Our first stop, at John Pennekamp Coral Reef State Park, rewarded us with six species including this Palm Warbler that watched us eat lunch.
We also had really nice views of a Black-and-white Warbler feeding. It grabbed several caterpillars near us and ate them. Unfortunately, it was always partially obscured and I couldn't get a good photo. Amazing to watch, nonetheless. We also saw a pretty Black-throated Green Warbler there.
The Key West Tropical Forest and Botanical Gardens also rewarded us with six warblers including two ground-loving warblers: Ovenbird and Northern Waterthrush. Right near the entrance of the gardens we heard beautiful singing and tracked down this Prairie Warbler.

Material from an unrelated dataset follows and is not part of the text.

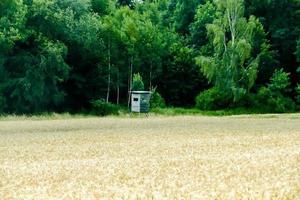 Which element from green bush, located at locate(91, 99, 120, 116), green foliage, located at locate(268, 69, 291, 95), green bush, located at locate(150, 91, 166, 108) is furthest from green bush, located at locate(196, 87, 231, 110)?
green bush, located at locate(91, 99, 120, 116)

Warblers were surprising abundant at the Dry Tortugas. There were many Palm Warblers there (no surprise as they seem to be the sparrows of south Florida). But also an American Redstart, some Yellow-rumped Warblers (about the only ones we see back in Virginia at this time), and Northern Parulas.
Ft. Zachery, in Key West, gave us this Orange-crowned Warbler.
The final big warbler site was West Lake in the Everglades. There is a boardwalk that goes through a stand of mangroves and as we walked it we encountered a nice mixed flock moving through. Here we added a Black-throated Blue Warbler as well as more Black-and-white and Yellow-rumped Warblers.
Seeing all of these spring birds in February really brightened the trip. For comparison, last April when we did our big day for the Birding Cup, we had only six warblers all day. And for all of May, we had 13 warbler species.